Amorim também disse que, do lado brasileiro, há uma negociação quanto à flexibilização das tarifas de importação de produtos industriais, mas não informou quais são os números que estão sendo negociados.

- Esta é uma decisão delicada, e pretendemos levar em questão as sensibilidades brasileiras no setor industrial. Há setores mais sensíveis do que outros, de modo que será preciso atenção. Além disso, estamos trabalhando com um acordo que prevê cotas de importação, e nós dissemos aos americanos que não é justo que haja cotas de importação agrícolas e limites de valores de importação do lado deles, sem que haja o mesmo do nosso lado. Ou liberamos esses limites de importação ou mantemos dos dois lados - disse Amorim.

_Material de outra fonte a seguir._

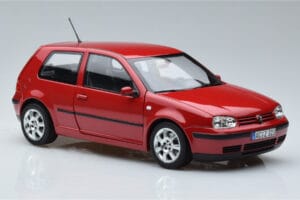 Volkswagen Golf Mk4 Rdeč Norev 1:18 188573 Kovina – slika 5 od 7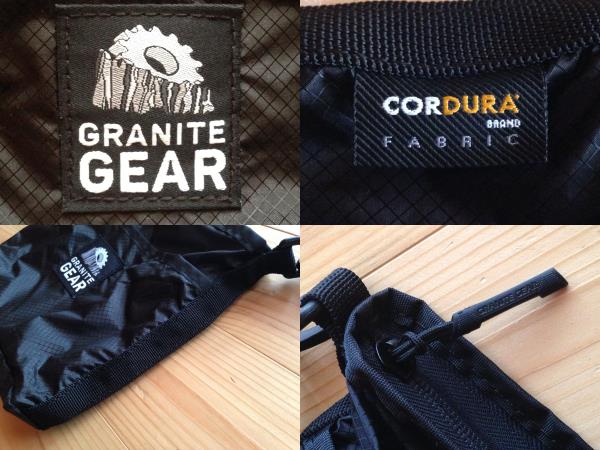 生産終了品!! 3点SET ★ GRANITE GEAR HIKER SATCHEL ＋ TRAIL WALLET S/M 黒 ★ グラナイトギア サコッシュ ポーチ バッグ omm mma 山と道_6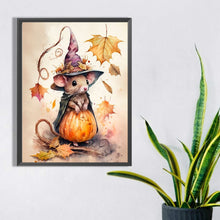 Load image into Gallery viewer, Diamond Painting - Full Square - halloween magic mouse (30*40CM)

Referência indireta a Hugo Chávez

Depois do encontro com Bush, Lula saiu para o jantar com o secretário-geral da ONU, Ban Ki-Moon, e outros 20 chefes de Estado e de governo, na sede da ONU. A secretária Susan Schwab concordou em ter hoje um novo encontro com o ministro Celso Amorim para detalhar melhor as negociações que ambos consideraram, segundo o ministro, como uma retomada dos entendimentos para chegar a um resultado positivo na Rodada de Doha.

- O diabo mora nos detalhes, e por isso as negociações de números e de cotas são tão delicadas - esquivou-se Amorim.

Indagado sobre se os dois presidentes falaram de Hugo Chávez, da Venezuela, Amorim respondeu:

- Eu diria que não... Mas Bush fez questão de elogiar a liderança moderada do Brasil no continente, o que sempre quer dizer uma referência indireta a Chávez, a não ser que a minha interpretação esteja errada.